I read about a study done some time ago that said pretty much everyone starts "lying" when they report above 45 hours per week. Like your example, they start scoring things as work that one might not otherwise.

E.g. I found my max "death march" rate of work, which I can sustain for a number of months, is 6 7 hour days. That's 7 hours of real, at the keyboard work, not counting formal meetings, lunch, breaks, etc.

More than once I suffered because bad management measured apparent work effort, e.g. vs. people who put in a lot more hours including debugging for some inexplicable reason vs. useful results.

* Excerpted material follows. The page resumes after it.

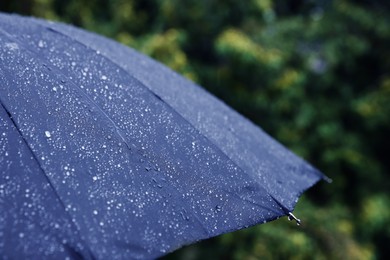 Photo of Blue umbrella under heavy rain outdoors, closeup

Debugging is work, I don't understand.
Should have been clearer; my usage of inexplicable is generally sarcastic, which doesn't always come across in text:

There's a class of programmers who spend a dispropriate amount of time debugging the very buggy code they just wrote.

That's certainly work in some sense, but most of us prefer to write less buggy code to begin with. With me, that means I spend what some view as a dispropriate amount of time thinking problems, where that amount of time is often measured in minutes, but the point is that I'm not typing anything, hence in their eyes I'm not working.

There's a great anecdote about a Bell Labs mathematician who e.g. worked on hard problems that directly applied to building and running Bell's systems and networks. A boss type once complained that he wasn't working because he spent a lot of time sitting and thinking (his real/direct bosses were very happy with that, though).